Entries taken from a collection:
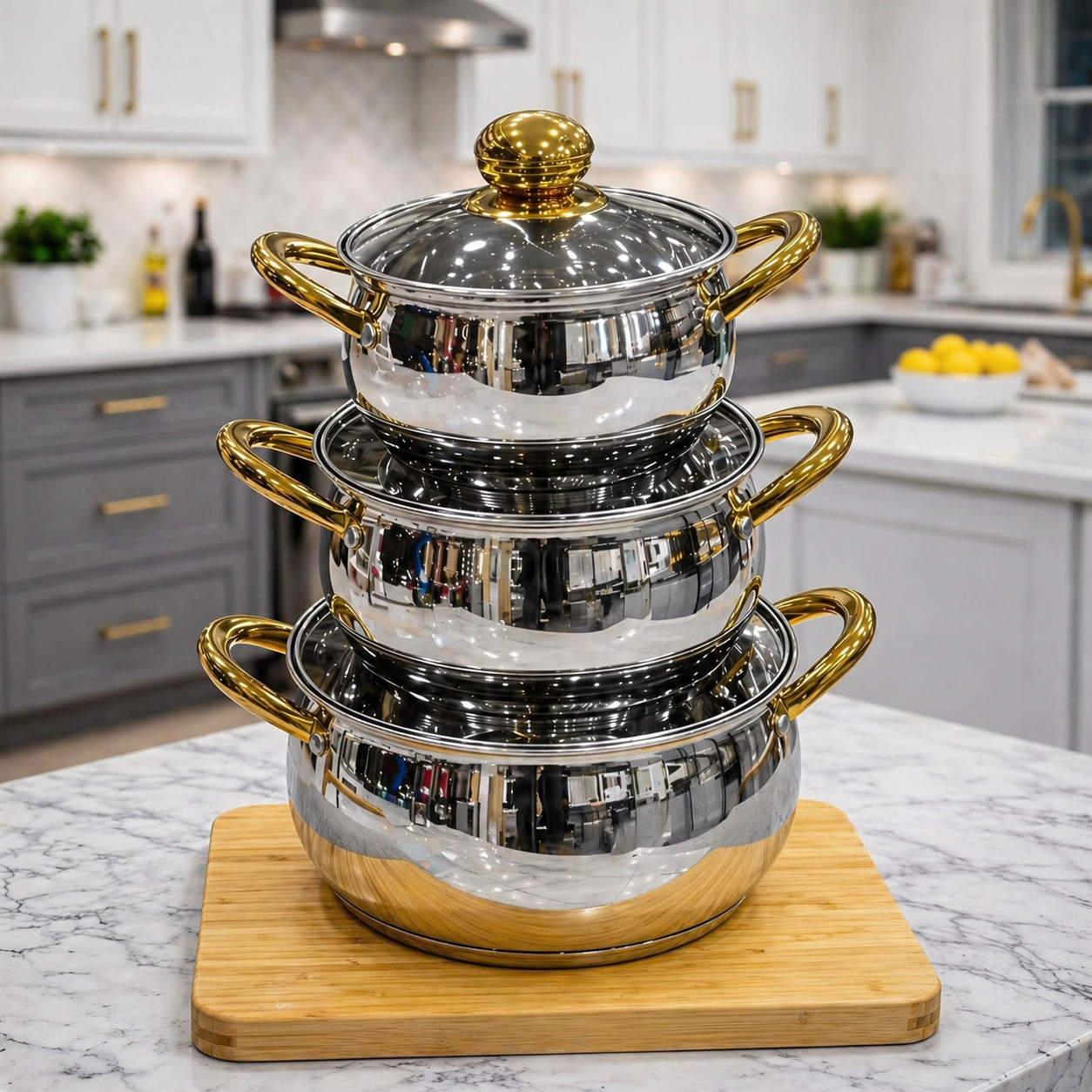 Service de Cuisine Inox 18/10 – 6 Pièces Élégantes avec Finition Dorée ✨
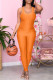 Orange Casual Sportswear Solid Basic O Neck Skinny Jumpsuits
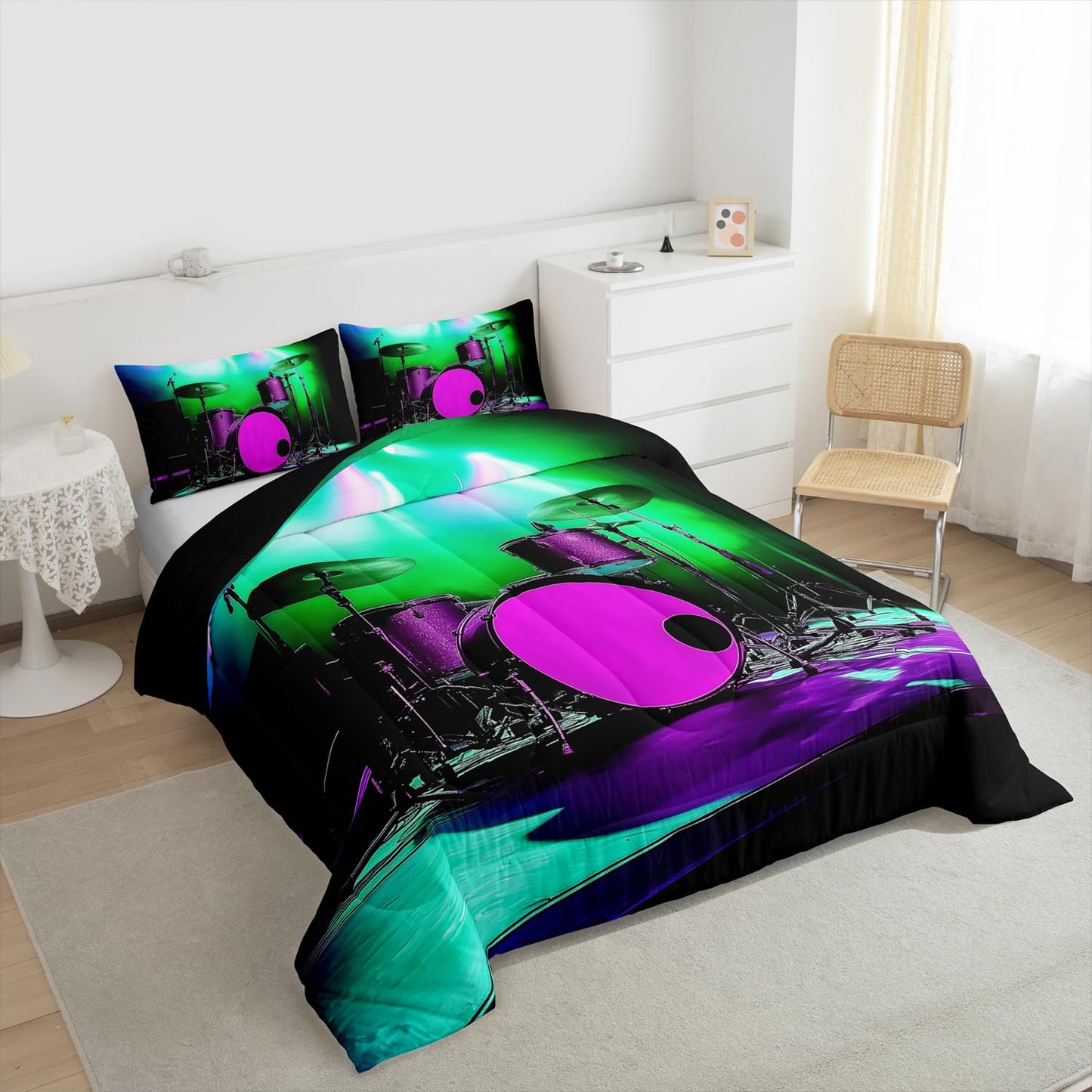 Erosebridal Drum Kit Comforter Set Queen Music Themed Bedding Set Rock Musical Instruments Comforter for Kids Boys Girls,Colorful Glitter Quilt Duvet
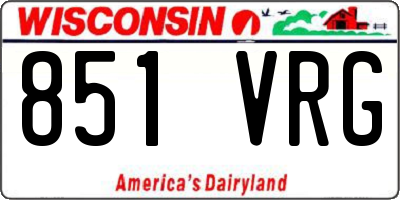 WI license plate 851VRG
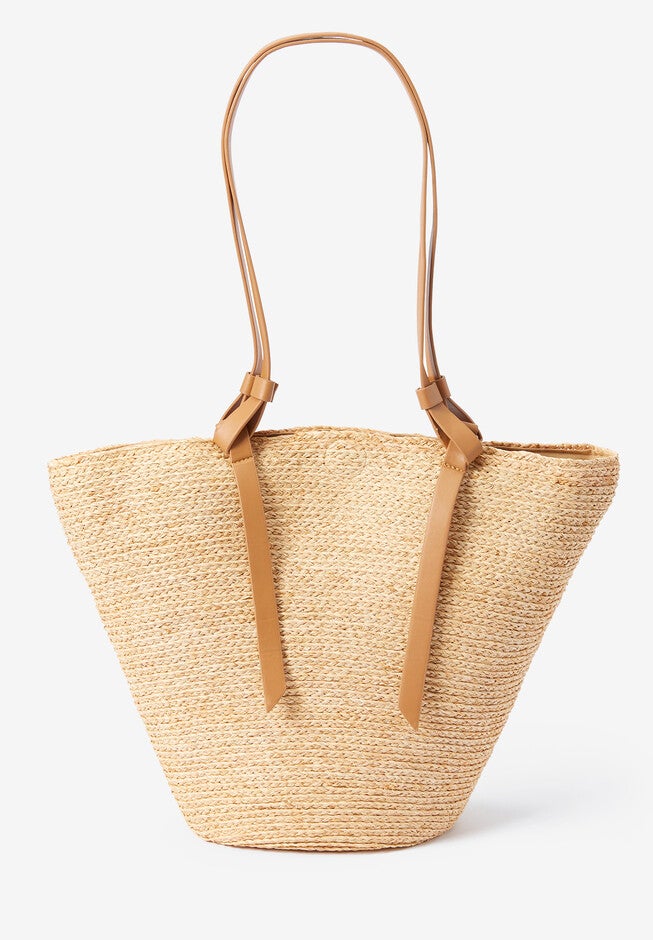 Straw Tote., , on-hover image number null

- [Task item] When you copy the entries, keep every word exactly as it stands and drop any pictures.

- [Answer to this task]
 Service de Cuisine Inox 18/10 – 6 Pièces Élégantes avec Finition Dorée ✨
 Orange Casual Sportswear Solid Basic O Neck Skinny Jumpsuits
 Erosebridal Drum Kit Comforter Set Queen Music Themed Bedding Set Rock Musical Instruments Comforter for Kids Boys Girls,Colorful Glitter Quilt Duvet
 WI license plate 851VRG
 Straw Tote., , on-hover image number null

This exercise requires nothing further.